[Scraped caption text data]
• • • • •

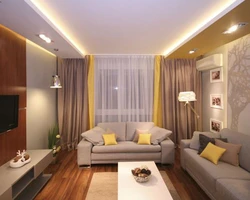 Rectangular living room wall design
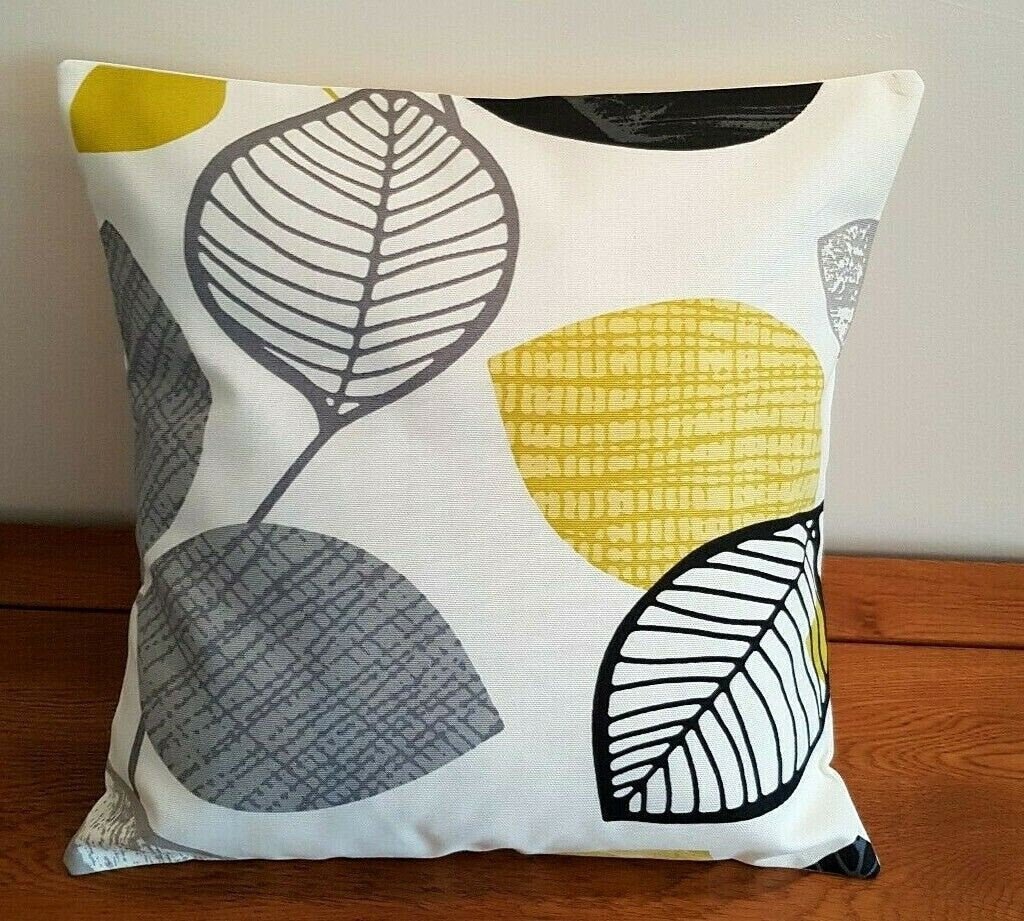 Decorative Cushion Cover , Pillow Cover Black Mustard Yellow Autumn Leaves Design - CushionCoverAndDecor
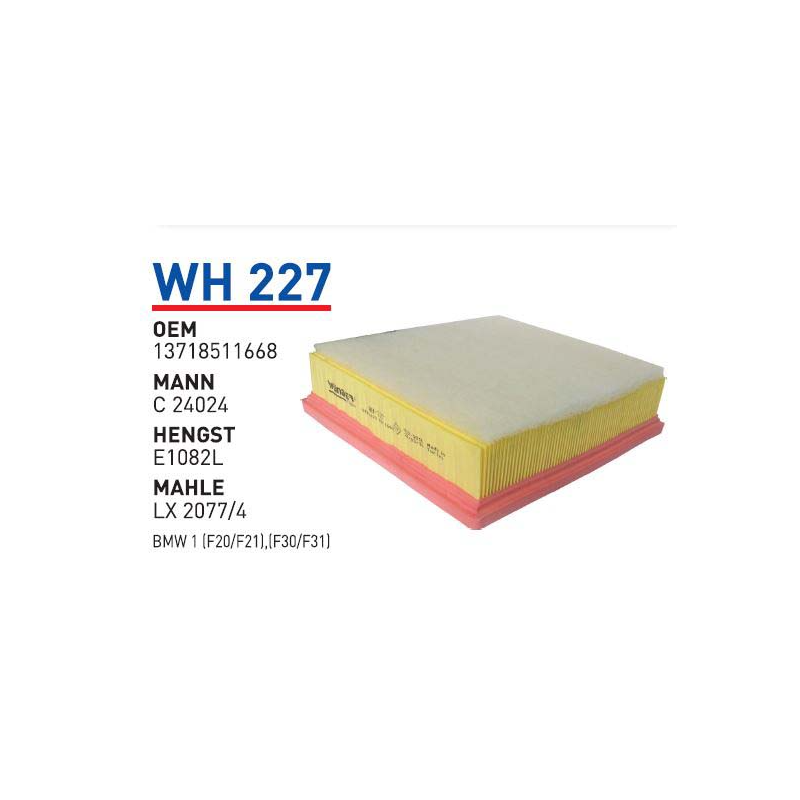 Wh227 Oem 13718511668 BMW 1 (F20-F21) BMW 3 (F30-F31) Otomobil hava filtre air filter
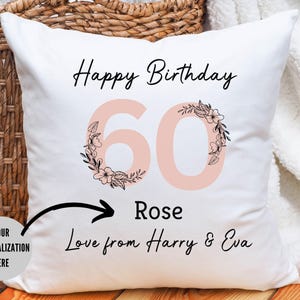 Personalized 60th Birthday Pillow, Custom Name Pillow Gift for Her or Him, Decorative Throw Keepsake, Unique Birthday Gift Mom-Dad or Friend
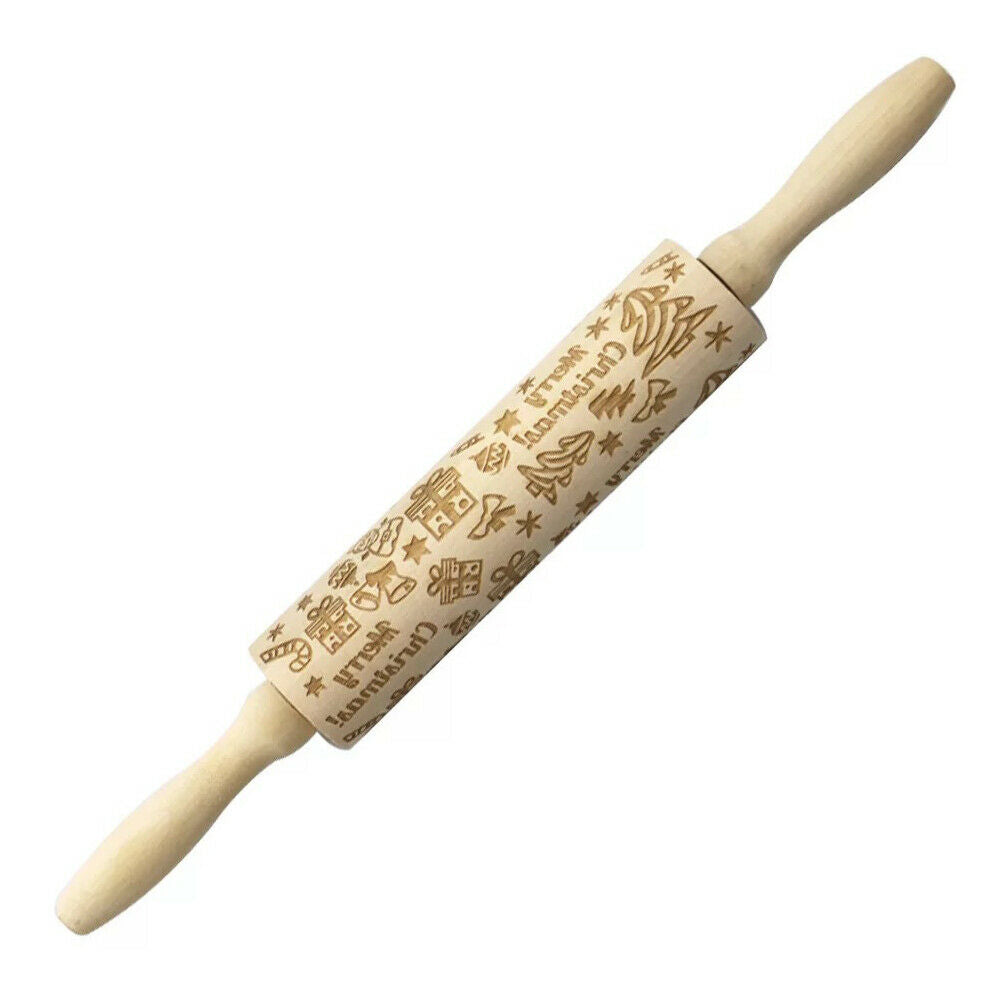 Natural Wood Wooden Embossing Christmas Rollers Rolling Pin for Baking Tools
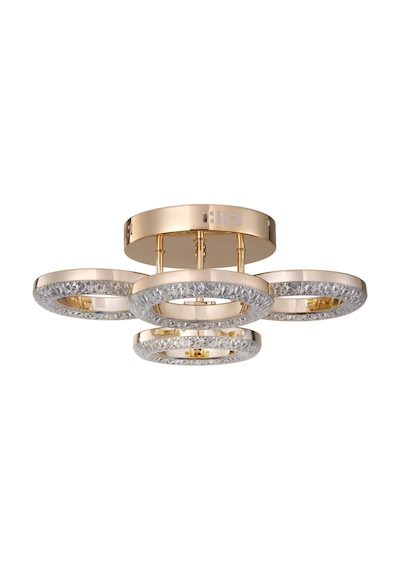 Oylum 4'lü Gold 24 Watt Kristalli Koridor Salon Led Plafonyer Avize Gold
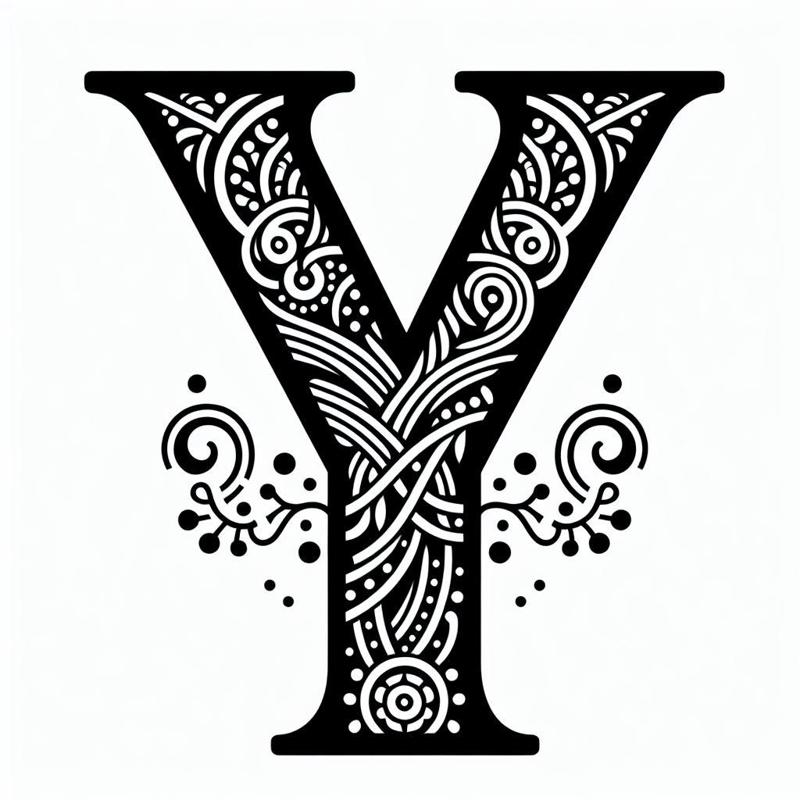 Frottage creation: letter Y (version 6)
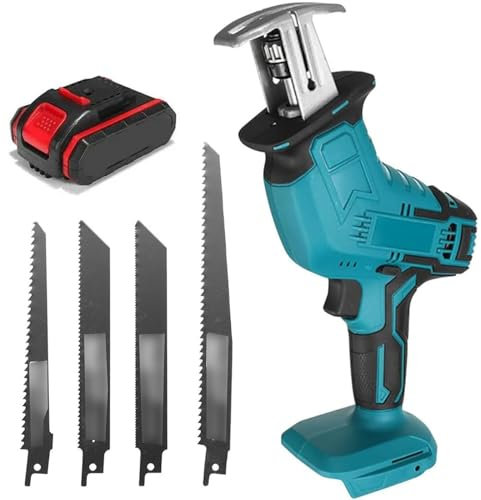 GALPBBCADE Sierra de Sable Sin Cable Portátil Sierra Eléctrica a Batería con Corte de Alta Eficiencia Cambio de Cuchilla Sin Herramientas para Cortar Huesos de Carne Tocino y Cerdo,B,1 Battery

• • • • •

■ **What you have to do**
Look above for the line with "Personalized 60th Birthday" and the line with "Frottage creation: letter Y (version 6)", then restate exactly those two lines and all lines between them, with no pictures.

■ **Exercise solution**
 Personalized 60th Birthday Pillow, Custom Name Pillow Gift for Her or Him, Decorative Throw Keepsake, Unique Birthday Gift Mom-Dad or Friend
 Natural Wood Wooden Embossing Christmas Rollers Rolling Pin for Baking Tools
 Oylum 4'lü Gold 24 Watt Kristalli Koridor Salon Led Plafonyer Avize Gold
 Frottage creation: letter Y (version 6)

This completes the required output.